If somebody wants to kick me in the heart, take me inside the world my mother married my father to escape, then no “performance” was ever going be quite good enough to earn the right. And knowing that was the main reason I couldn’t ever quite get around to either watching Norma Rae or entirely putting aside the idea that I needed to watch it.

So one day this week I was fingering my stack of unwatched movies and I suddenly decided it would make a perfect followup to the pluperfect professionalism of Sean-Penn’s-show-all-the-way in The Assassination of Richard Nixon.

So there.

Before I could talk myself out of it, I put my bullet-proof-heart-valve-vest straight on. Set my tissue box to hand (okay, I have what we call “sinuses” which means not just any old sinuses but sinuses that “act up,” so I generally have my tissue box to hand anyway but I don’t always double-check before popping in a DVD if you know what I mean).

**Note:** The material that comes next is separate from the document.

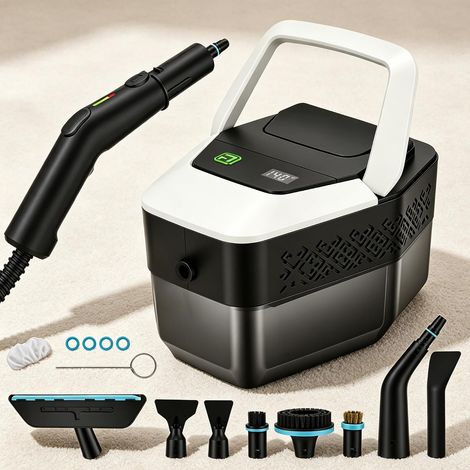 Nettoyeur Vapeur à Main 2500W sous Pression, 10s Temps de Chauffe, Réservoir 1,8L, Nettoyeur Vapeur avec Accessoires pour Voiture, Maison, Cuisine (1/5)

I fully prepared myself, therefore, to accept the thing for what it was bound to be.

And it turned out to be exactly what it was bound to be and exactly what I was prepared for it to be.

All of it.

Except for Sally Field playing a southerner.

So-Cal-acting-class-Flying Nun-Gidget-Enquirer-bait (well, when she was dating Burt anyway) Sally Field.

Making time stand still.

Turning this… OPELIKAIMAGE1

(Alabama’s Opelika Cotton Mill, where Norma Rae was filmed in 1978, circa 1908: Library of Congress. Mill abandoned, 2004.)

And this….


(Above and below: Cannon Mill in Concord, NC, about a generation before my mother started working in the one in Kannapolis: Library of Congress: Cannon Mill sold to Fieldcrest, 1984; sold to Pillowtex, 1997; bankrupt, 2003. Cannon brand now licensed and headquartered in Hong Kong.)

and this…


into this..


or this…


or pretty much any other frame in a movie that would just be a movie (and no doubt quite a good movie) except for the improbable thing she made of it.

Life as somebody in a particular time and place might have lived it.

Not necessarily as my mother lived it (though I wish I’d given myself a chance to ask her). Probably not quite as Crystal Lee Sutton (nee Pulley), the inspiration for Norma Rae, lived it. Certainly not “movie life” as we are accustomed  to having it delivered to us, from Citizen Kane on down, in a neat, small package we can carry around in our pockets.

But life just the same. Life with enough force to live outside of the movie celebrating it or, as it turned out, the Overlords bent on crushing it.

Good thing. Because, in the real world, crush it they did.

If Field’s Norma Rae Webster had been who and what the logic of even the most supreme craft dictated she should be, the movie and the performance would be well-made curios now. The unionization the film celebrated was a heartbeat away from having its own heart ripped out. Adjusted for inflation, the nation’s handful of remaining textile workers (since amalgamated into a larger union) now make about what Crystal Lee Sutton was making the day she decided not to take it any more. Whether they make it in somewhat better working conditions is probably in the eye of the beholder. Let’s say I have my doubts.

Because wherever they are weaving and folding the bulk of the towels these days, I’m guessing you can still get a brown lung in there.

But, once upon a time, Sally Field went beyond craft. So Norma Rae ended up being something more than a finely wrought tract or “story” or even “narrative,” something that might actually survive the well-planned economic blight and not-entirely-unplanned cultural collapse that were nesting inside the very events the film depicted to a tee.

A hundred years from now (go ahead and laugh if you think it will be longer) when whoever is picking over our bones decides they really want to know “Just what the Hell was an ‘American’ anyway?” they could do a whole lot worse than to start with what So-Cal Sally Field did here when she stripped herself away and made time stand still.